На дне корзинки перекатывалось с десяток белых грибов.
– Ты что, их сквозь землю видишь? – с ноткой зависти сказал он, поравнявшись с сыном и заглядывая в корзинку. – Ишь сколько
наковырял!– На гриб наступишь! – предупредил Павел и, нагнувшись, ловко срезал перочинным ножом крепенький боровичок. Стрельнул серыми глазами туда-сюда и срезал еще два крошечных гриба под ногами отца.
– Когда-то я больше всех в Андреевке приносил грибов, – вздохнул Дмитрий Андреевич.
– У нас тут Вадька в чемпионах ходит, – сказал Павел. – Он по сто шестьдесят приносил.
– Только подумать, сколько нынче грибов высыпало! – подивился Дмитрий Андреевич.
– Бабушка Ефимья говорит – к войне, – заметил Павел. – И Шмелев говорит, что скоро быть войне с немцами.
– Разве ты его не отцом называешь?
– Какой он мне отец? – помолчав, уронил Павел.

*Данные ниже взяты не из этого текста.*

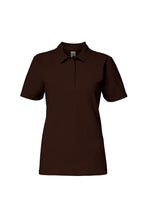 Load image into Gallery viewer, Gildan Softstyle Womens/Ladies Short Sleeve Double Pique Polo Shirt (Dark Chocolate)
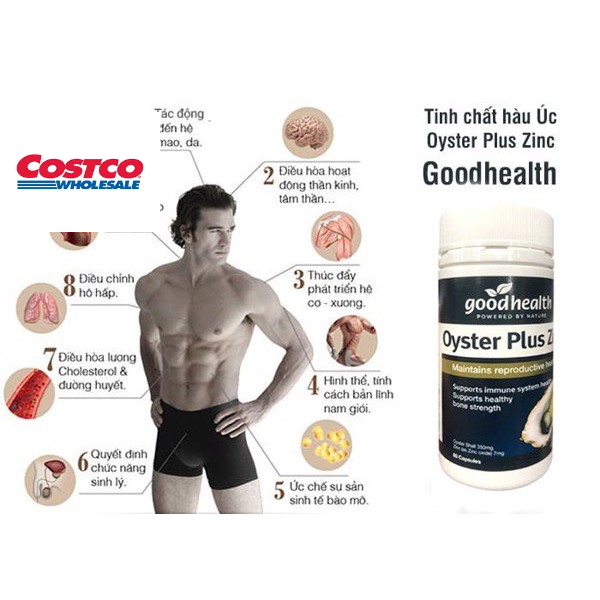 Oyster Plus Zinc Goodhealth hỗ trợ sinh lý nam chai 60 viên date 2025
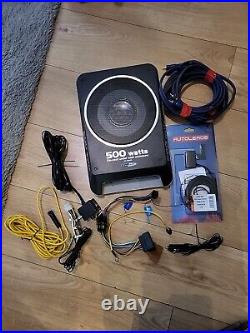 Caliber CALBC108US 8 500 Watts Amplified Under Seat Car Van Subwoofer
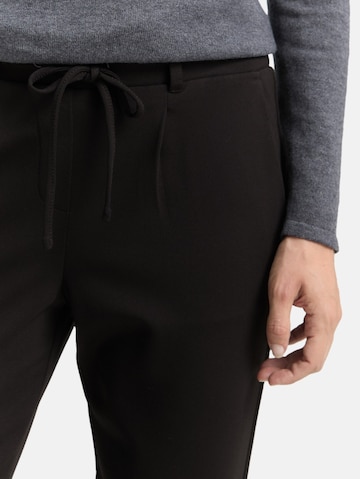 TOM TAILOR Regular Pleat-front trousers in Black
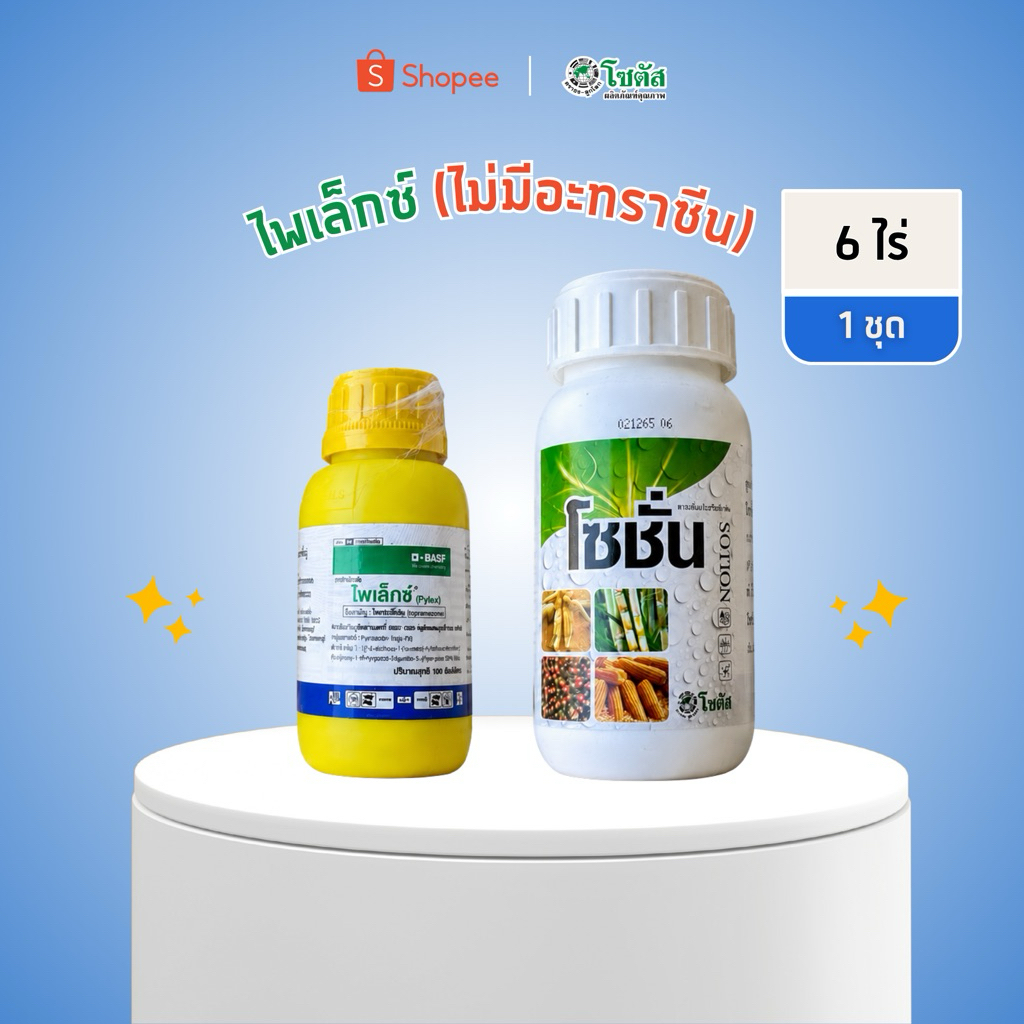 ไพเล็กซ์ (ไม่มีอะทราซีน) โทพรามีโซน ชุด 6 ไร่ พ่นทับข้าวโพด ปลอดภัย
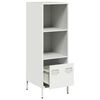 vidaXL Highboard White Cold-rolled steel Tall Highboard Rectangular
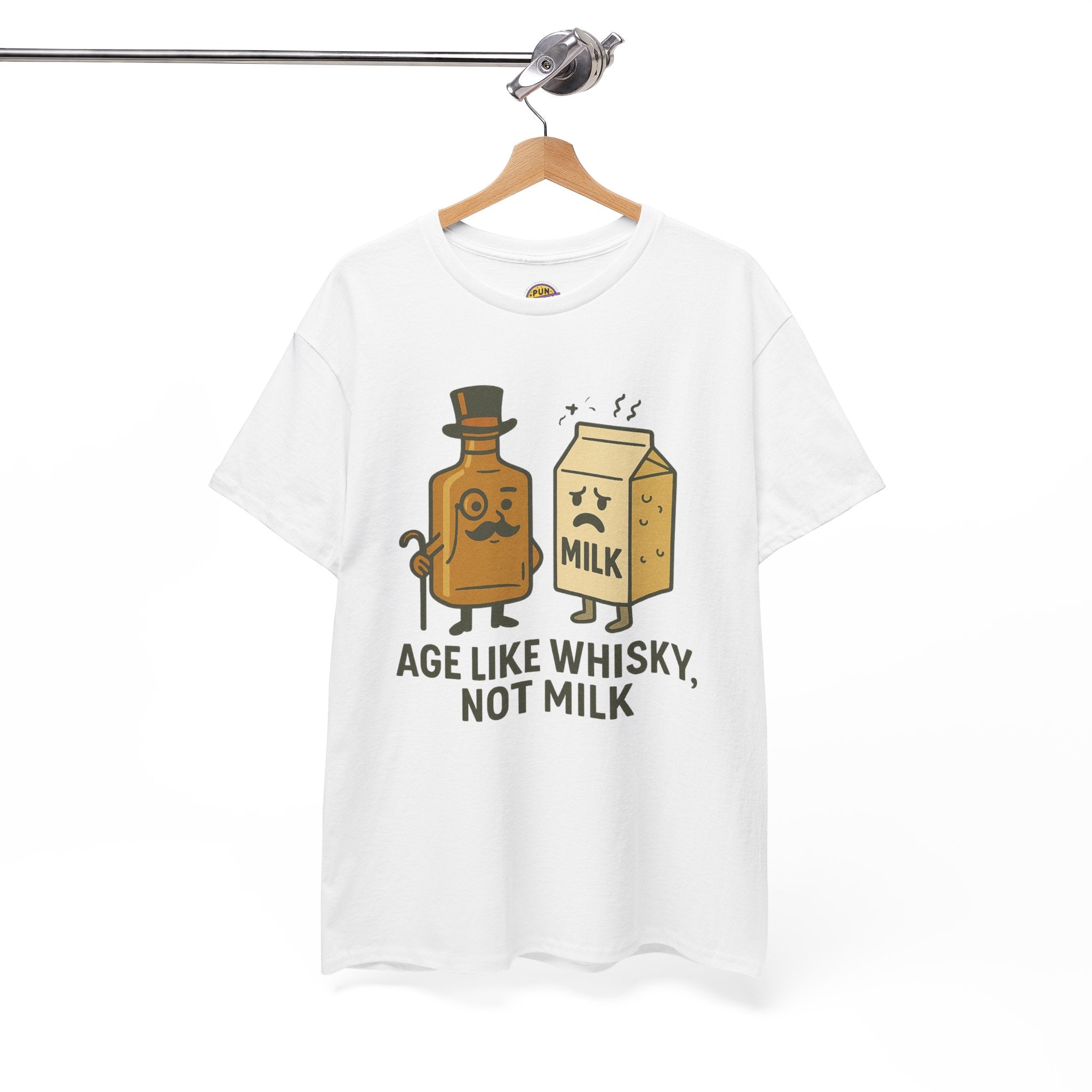 Age Like Whisky Not Milk T-Shirt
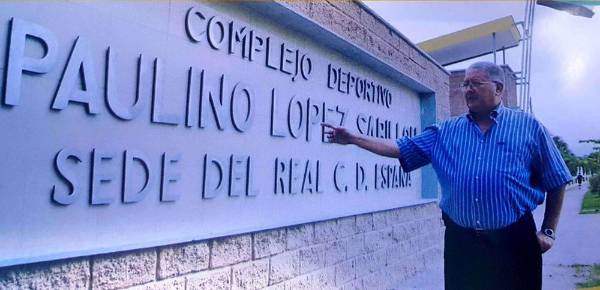 La sede del Real España lleva el nombre de Paulino López Sabillón.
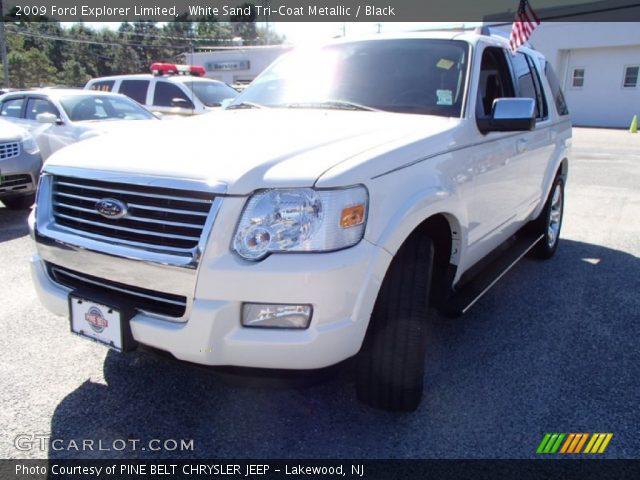 2009 Ford Explorer Limited in White Sand Tri-Coat Metallic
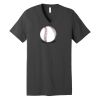 Unisex Jersey Short Sleeve V Neck Tee Thumbnail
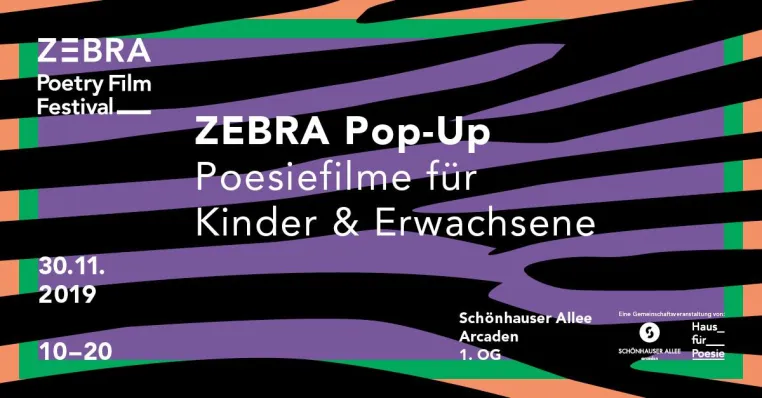 Preview-Kino für das ZEBRA Poetry Film Festival Bild: Preview-Kino für das ZEBRA Poetry Film Festival
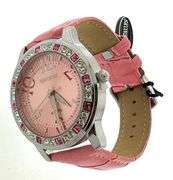 Ladies Pink Skone Stainless Steel Watch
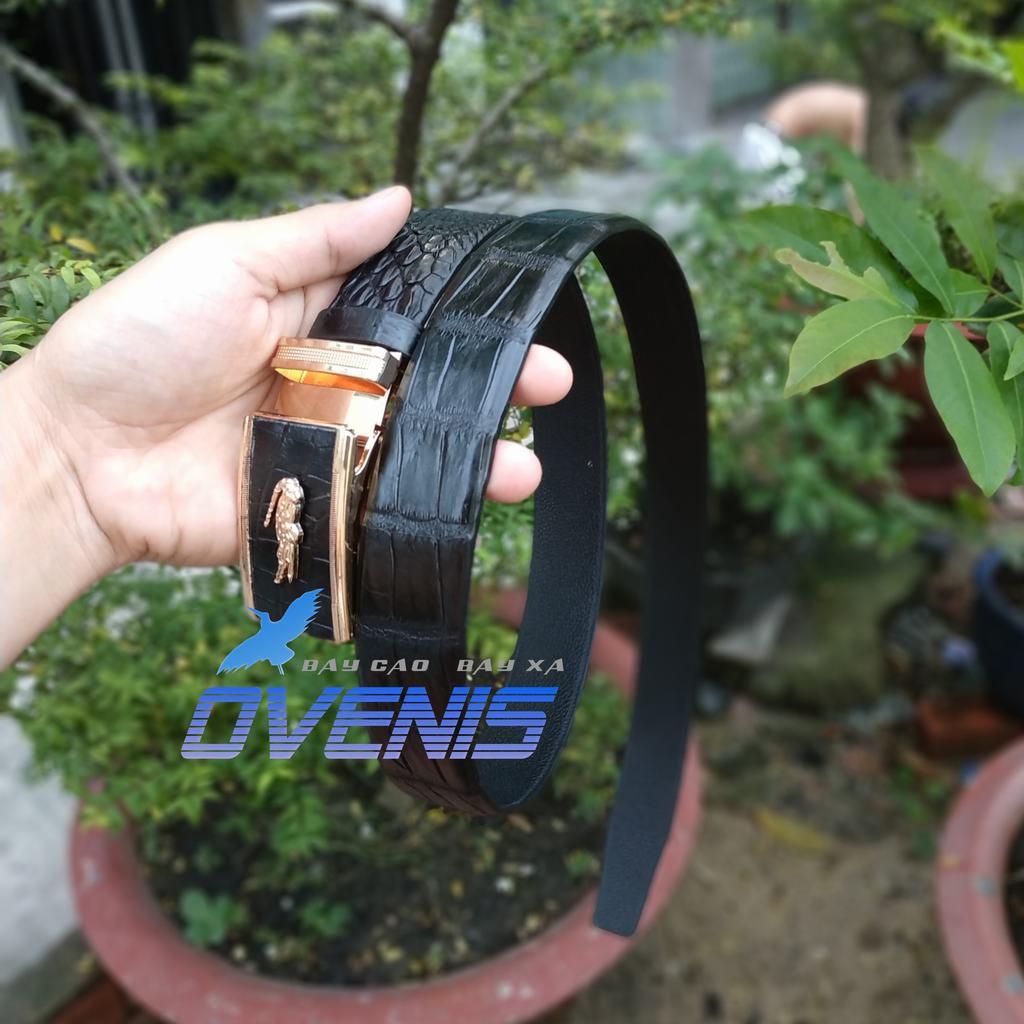 [FREE SHIP] Dây Nịt Da Cá Sấu Thật [DA BỤNG HÔNG CÁ SẤU MỀM DỄ SỬ DỤNG]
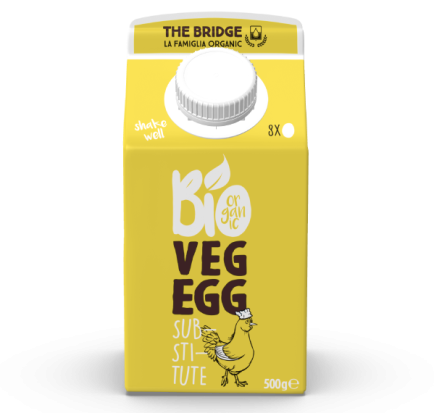 Sostituto vegetale di 8 uova liquido senza glutine Bio 500 g – The Bridge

– Вадик называет ведь Федора Казакова отцом.
– Ты – мой батька… – Павел ковырнул ногой шапку мха и срезал чуть тронутый коричневый гриб. – Хватит с меня одного отца.
– Может, со мной в Тулу поедешь? – предложил Дмитрий Андреевич. – У тебя там две сестренки.
– Мамку жалко, – подумав, сказал Павел. – А правда, что в Туле делают самовары?
– Там не только самовары делают… А понравились тебе тульские пряники?
– Сладкие.
– Я рад, что ты наш дом не забываешь.
– Я бабушку Ефимью люблю, – серьезно сказал Павел. – Она про все на свете знает. На небе солнце, не видно ни облачка, а она скажет: к вечеру будет дождь, и точно – гроза и дождь!
– Как мать-то?
– А чего ей? Все по хозяйству. Вторую корову хочет завести и борова.
– А со Шмелевым-то ладишь?
– Мамка в доме хозяйка, Шмелев ей ни в чем не перечит… Меня не обижает.
– Абросимовы себя никому в обиду не давали, – с достоинством заметил отец.
– А ты сильный? – с любопытством посмотрел на него Павел.
– Еще какой сильный! – рассмеялся Дмитрий Андреевич. – Триста орлов у меня в школе… – Он сжал большую ладонь в кулак. – И я всех их вот так держу.
– Шмелев тоже сильный, – помолчав, сказал Павел. – Мамку на покосе взял на руки и на стог закинул.
Дмитрий Андреевич облюбовал поросший седым мхом холмик между двух сосен и с удовольствием опустился на него. Корзинку поставил у ног, снял шляпу, отер ладонью вспотевший лоб.
Странно, у него давно другая семья, дочери растут, а сказал Павел, что Шмелев Сашу на стог закинул, и неприятно стало. В этот приезд они с Александрой и десятком слов не перекинулись. Дмитрий редко к ним заходит, а Саша – ни ногой к Абросимовым.
Отец и сын разве что невозмутимостью и некоторой медлительностью сходны. Внешне Павел больше походил на мать: крупный в кости, светлорусый, губастый. Абросимовскую породу выдавали в нем спокойные серые глаза. И пожалуй, скрытая сила. Когда он задумывался, то сдвигал вместе густые брови и на лбу обозначалась тоненькая морщинка. В отличие от смешливого, живого Вадима Павел улыбался редко, и рассмешить его было не так-то просто. Задиристым он не был, но за себя мог постоять, наверное, потому и не задевали его сверстники в поселке.